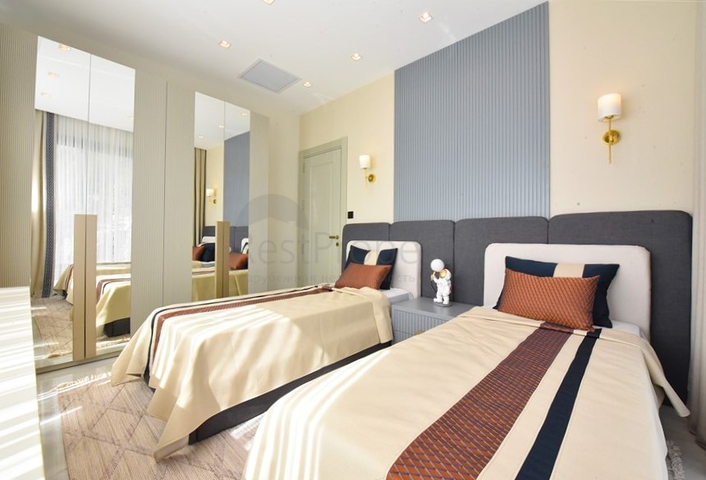 فيلا 4+1 مع إطلالة بانورامية على البحر 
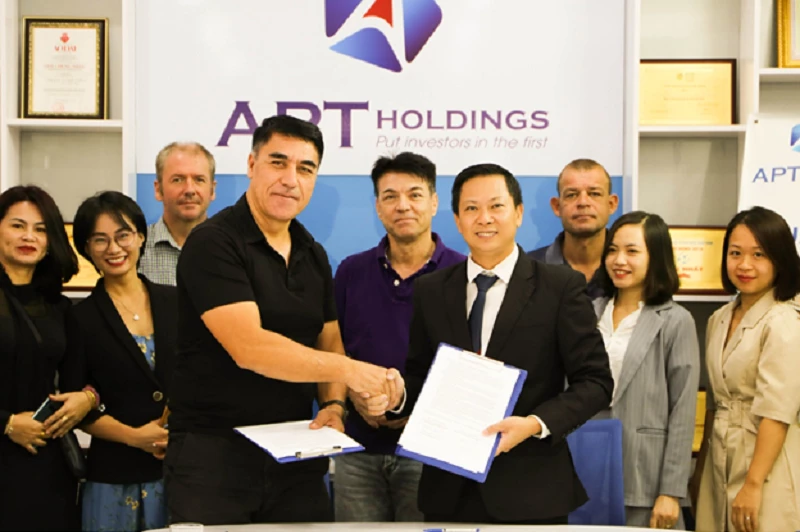 Lễ ký Hợp đồng APT Holdings và FanYang Production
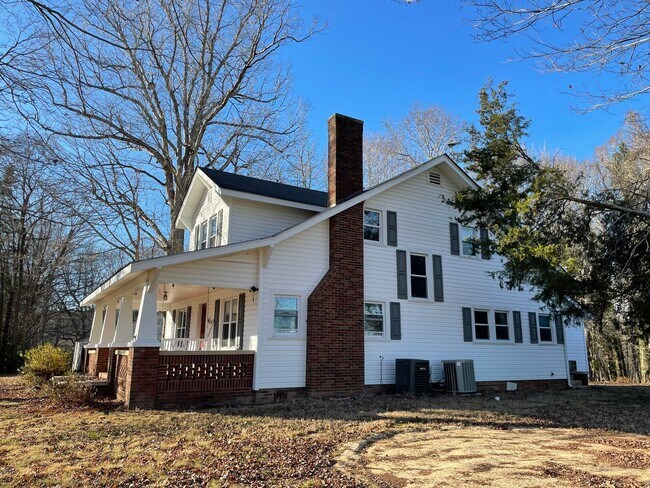 Foto del edificio - 4-5 bedroom home in Franklinville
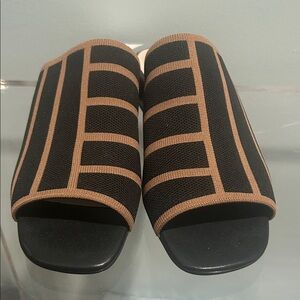 Sanctuary Black and Brown Slide Sandals size 9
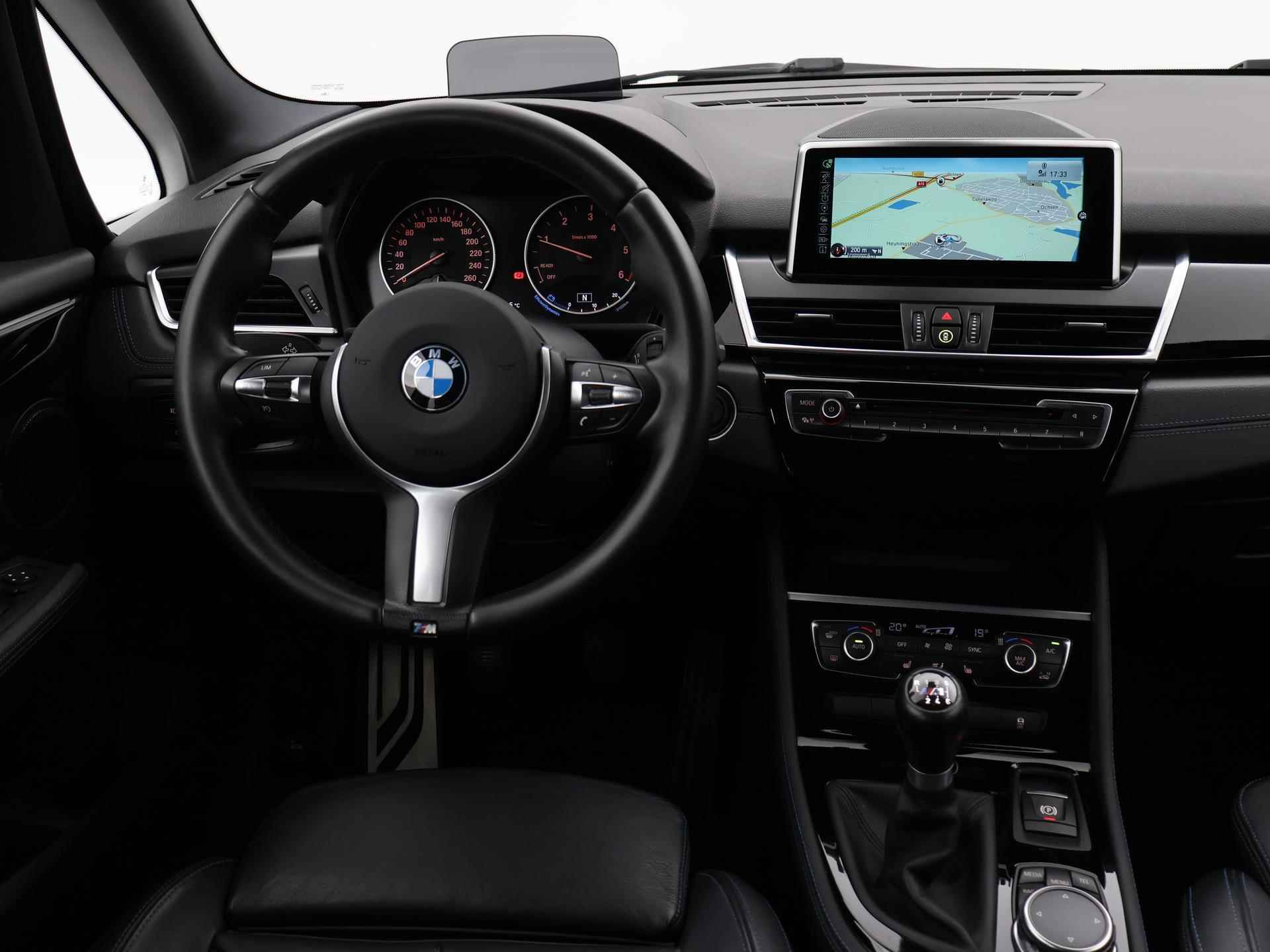 BMW 2-serie Gran Tourer 216D M-SPORT 7-PERS. + HEAD-UP / LEDER SPORTINTERIEUR / LED - 4/61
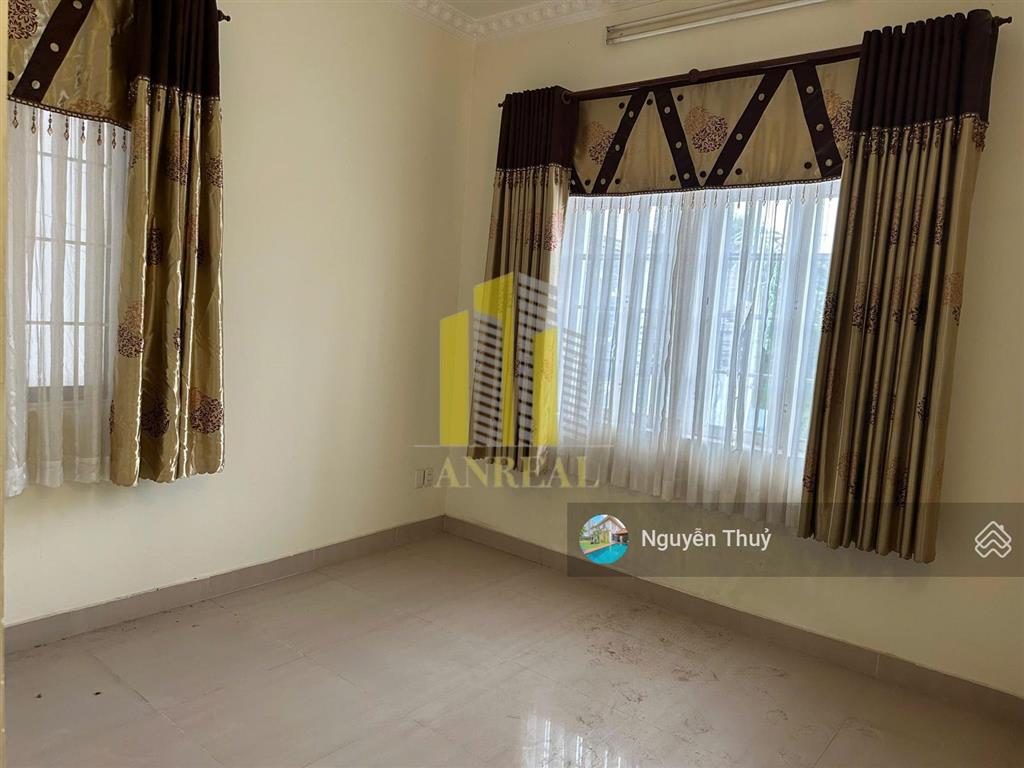 Cho thuê villa 7 phòng 10wc  phường bình trưng giá 80 triệu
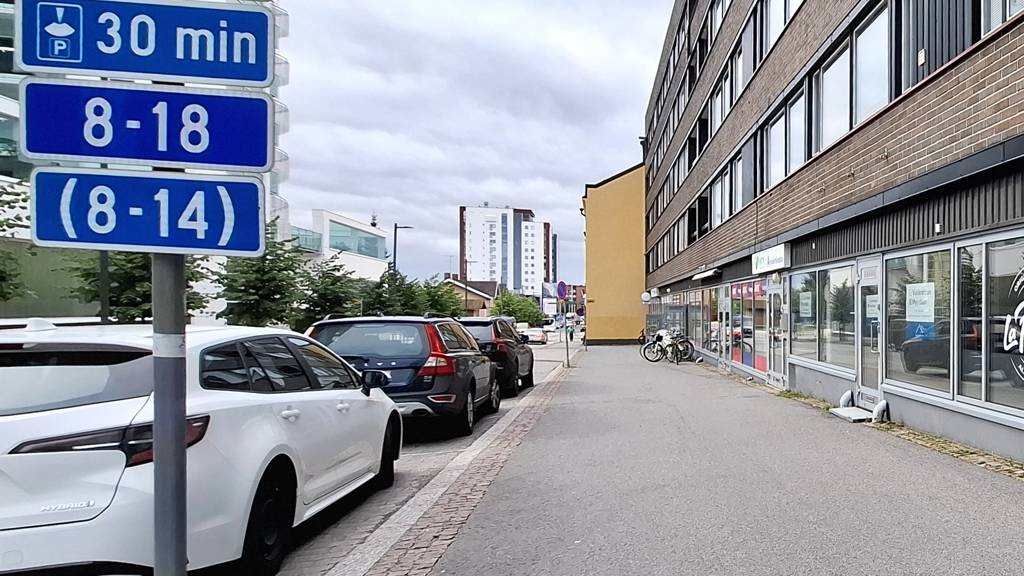 Rautatienkatu 16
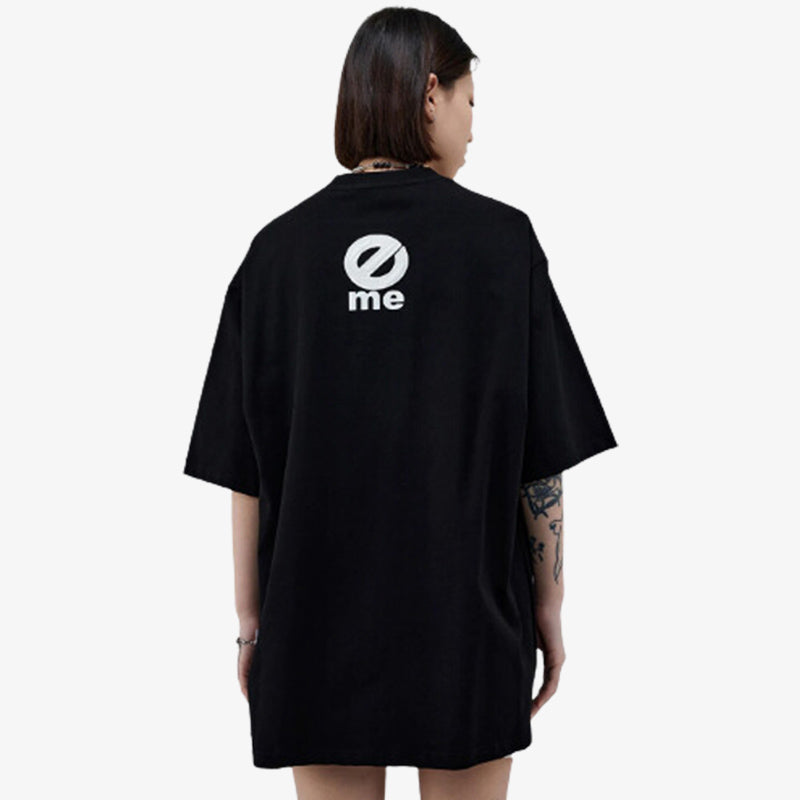 Japanisches T-Shirt im Streetwear-Stil für Damen, Rückansicht mit dezentem Motiv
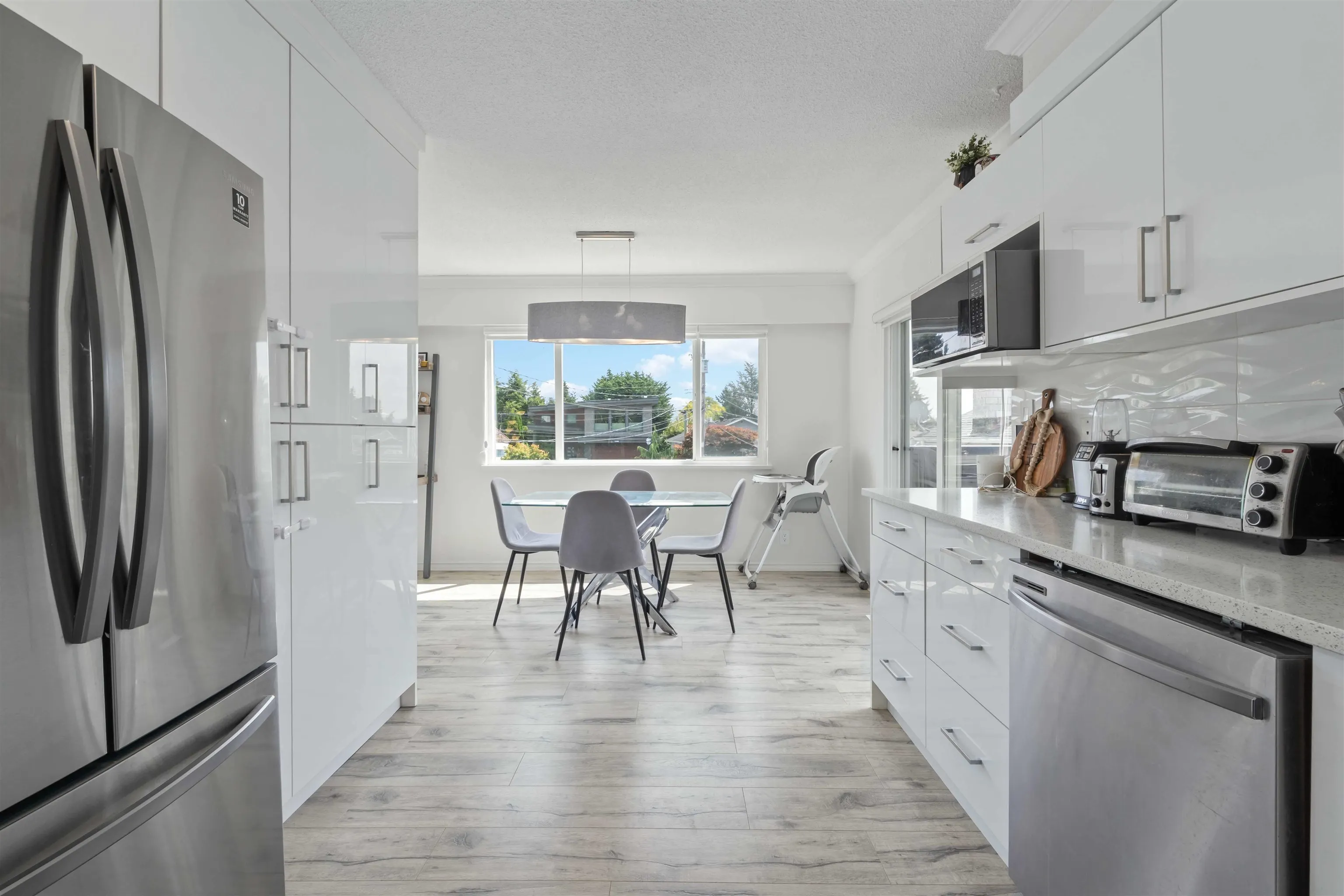 1147 Keil Crescent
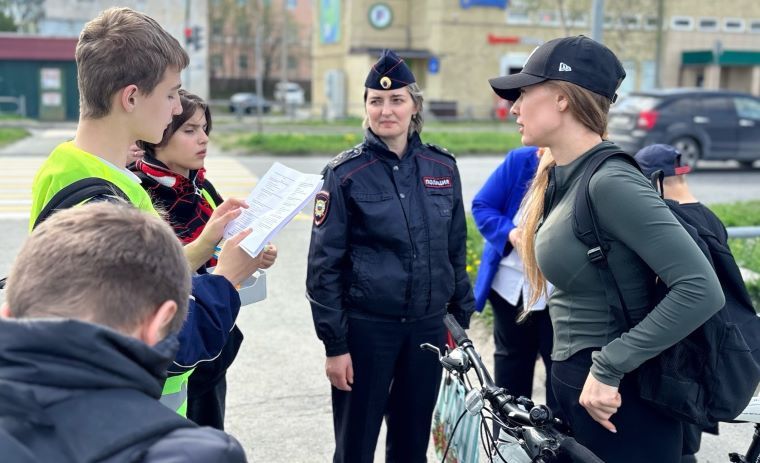 С января по апрель в Апатитах и Кировске зарегистрировано пять ДТП с участием детей, в которых шесть человек получили травмы С января по апрель в Апатитах и Кировске зарегистрировано пять ДТП с участием детей, в которых шесть человек получили травмы
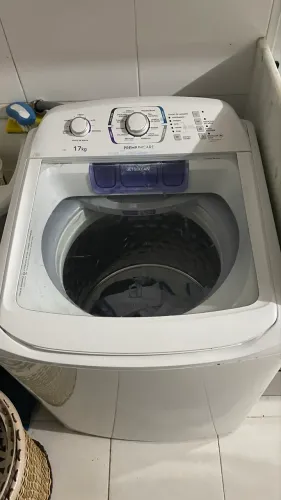 VENDE SE MÁQUINA DE LAVAR 17kg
- - -
**PROBLEM DETAILS:** Print the records exactly, every one. Leave out the pictures.

**TASK ANSWER:**
 فيلا 4+1 مع إطلالة بانورامية على البحر 
 Lễ ký Hợp đồng APT Holdings và FanYang Production
 Foto del edificio - 4-5 bedroom home in Franklinville
 Sanctuary Black and Brown Slide Sandals size 9
 BMW 2-serie Gran Tourer 216D M-SPORT 7-PERS. + HEAD-UP / LEDER SPORTINTERIEUR / LED - 4/61
 Cho thuê villa 7 phòng 10wc  phường bình trưng giá 80 triệu
 Rautatienkatu 16
 Japanisches T-Shirt im Streetwear-Stil für Damen, Rückansicht mit dezentem Motiv
 1147 Keil Crescent
 С января по апрель в Апатитах и Кировске зарегистрировано пять ДТП с участием детей, в которых шесть человек получили травмы С января по апрель в Апатитах и Кировске зарегистрировано пять ДТП с участием детей, в которых шесть человек получили травмы
 VENDE SE MÁQUINA DE LAVAR 17kg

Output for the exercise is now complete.